- _WHAT IS BEING ASKED_
Apart from the images, the entire listing below must be restated word for word.

- _COLLECTED DATA_
——————
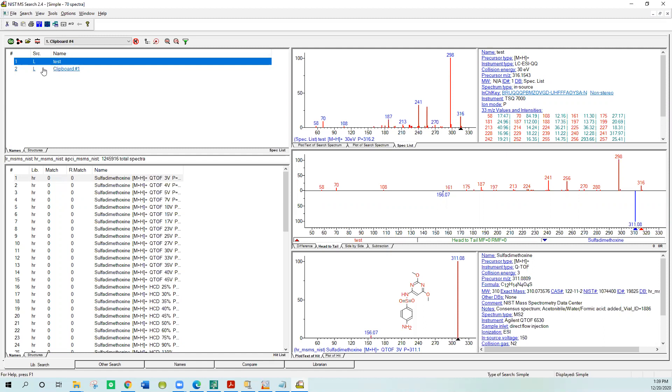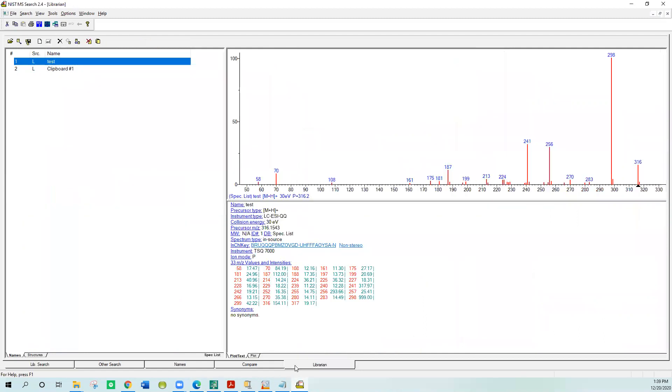The first thing you do is you have to go to the librarian folder down here. Let's go to the librarian folder. That's where all the things are added in. Down at the bottom here, librarian, and you'll see the test here. Before you edit it, though, we do need a structure.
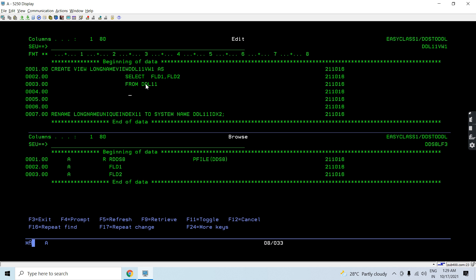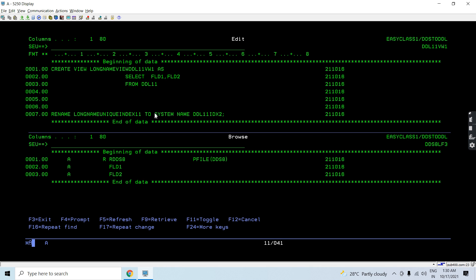CREATE VIEW this AS SELECT field1, field2 FROM table DD11. We can select only one field, multiple fields, all fields, or some fields. I can also have derived fields, apply a WHERE condition, or do whatever I want with this view. But I'm just modernizing the existing LF which has no key to the SQL view — doing the same thing as what was in the DDS. We have two fields so I'm selecting those two fields from the table which we have already converted — DDS8 to DD11.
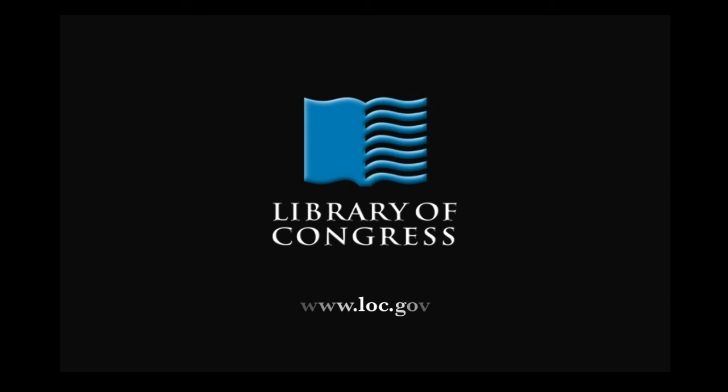This has been a presentation of the Library of Congress. Visit us at loc.gov.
——————
- _EXERCISE SOLUTION_
The first thing you do is you have to go to the librarian folder down here. Let's go to the librarian folder. That's where all the things are added in. Down at the bottom here, librarian, and you'll see the test here. Before you edit it, though, we do need a structure.
CREATE VIEW this AS SELECT field1, field2 FROM table DD11. We can select only one field, multiple fields, all fields, or some fields. I can also have derived fields, apply a WHERE condition, or do whatever I want with this view. But I'm just modernizing the existing LF which has no key to the SQL view — doing the same thing as what was in the DDS. We have two fields so I'm selecting those two fields from the table which we have already converted — DDS8 to DD11.
This has been a presentation of the Library of Congress. Visit us at loc.gov.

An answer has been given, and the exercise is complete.